Cryptocurrency exchanges FTX and Binance have announced new licenses to operate in Dubai and Bahrain respectively. 

FTX’s European affiliate—FTX Europe & MENA—yesterday announced it had been licensed to establish and operate Virtual Asset Exchange and Clearing House services in Dubai, United Arab Emirates. 

“FTX receiving this approval is a continuation of our mission to be at the forefront of licensing and regulation around the world,” FTX CEO Sam Bankman-Fried said in a prepared statement. . “We plan to continue playing a lead role in advancing the digital asset industry in countries that provide a robust regulatory framework, while also operating with the highest security, risk, and investor protection standards.” 

Patrick Gruhn, head of FTX Europe, also said that this represents a “major achievement” for FTX, adding that the European affiliate intends to expand its presence in the MENA region and establish a regional headquarters in Dubai. 


The exchange’s Dubai license comes after the Dubai Multi Commodities Center (DMCC) announced that it sought to establish its own “crypto valley” in the UAE—designed to promote and embrace the crypto and blockchain industry. 

FTX isn’t the only crypto firm making moves in the Middle East. Binance, the industry’s largest exchange, has just recently made positive in-roads within the Kingdom of Bahrain.

Binance, Bahrain and licensing

In December last year, Binance said it received “in-principle approval” from the Central Bank of Bahrain (CBB) to establish itself as a crypto asset service provider in the kingdom. 

Yesterday, the crypto exchange announced it had been granted a crypto-asset service provider license from the CBB. 


“The license from Bahrain is a milestone in our journey to being fully licensed and regulated around the world,” Binance CEO Changpeng Zhao said.

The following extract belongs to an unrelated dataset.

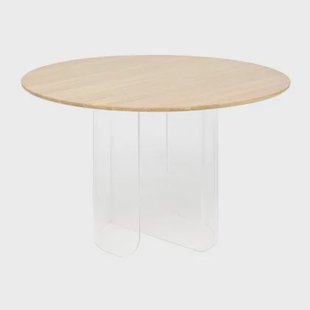 FÉST Plateau eettafel 120 transparant eiken blad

A Binance spokesperson told Decrypt they “believe this is the first” license Binance has received. 

Elsewhere in the world, Binance’s quest for regulatory approval has not gone nearly as smoothly. 

Regulators in Holland and Japan have issued consumer warnings about Binance, regulators in the Cayman Islands and Italy have said Binance is not licensed in their jurisdictions, and regulators in Malaysia opened enforcement action against Binance for operating illegally in the country. 

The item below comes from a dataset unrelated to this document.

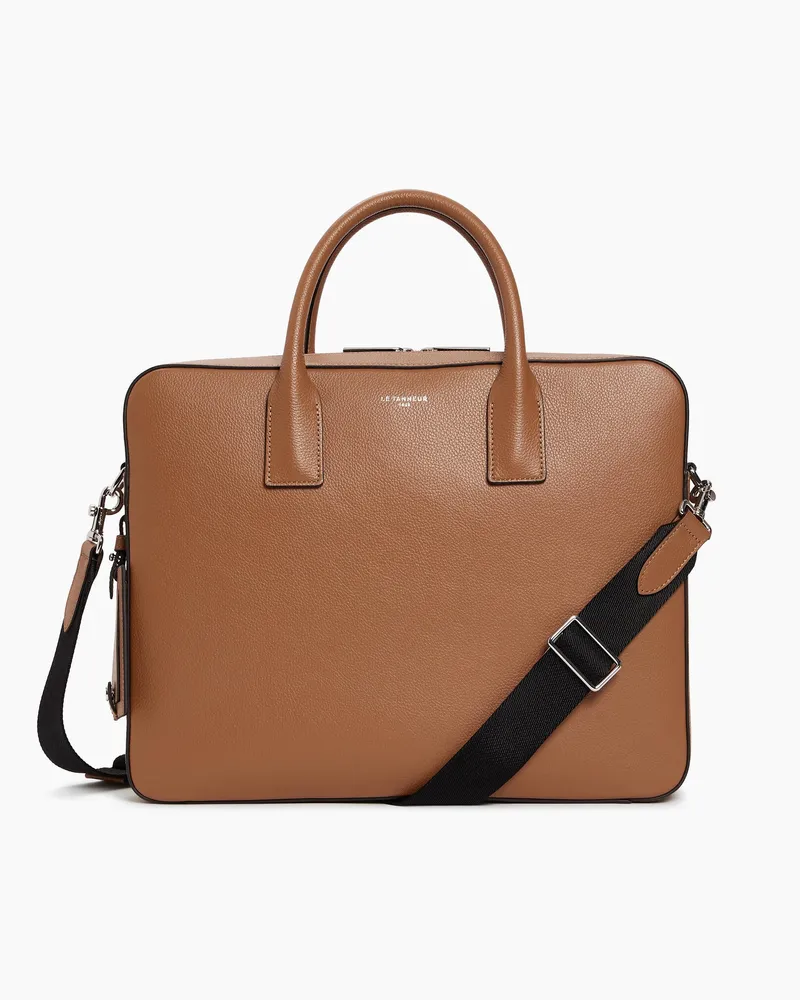 Le Tanneur 14"-Dokumententasche Emile aus genarbtem Leder Tan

In Singapore—where CZ at least used to live—regulators placed the exchange on Singapore’s Investor Alert List, and Binance withdrew their license application months after. 

In the UK, the Financial Conduct Authority issued a consumer warning about Binance’s UK entity—Binance Markets Limited—last summer.

In September, the FCA doubled down, saying the firm was incapable of being regulated after it failed to provide basic information to the regulator. 

In December 2021, the exchange tried to revive its chances of gaining a license with the FCA, but if this notice regarding a $36 million loan from a Binance Group entity is anything to go by, the FCA is still not satisfied

“Until outstanding issues are addressed, the FCA’s concerns about Binance Markets Limited remain, including those highlighted in the supervisory notice of June 2021,” the FCA said.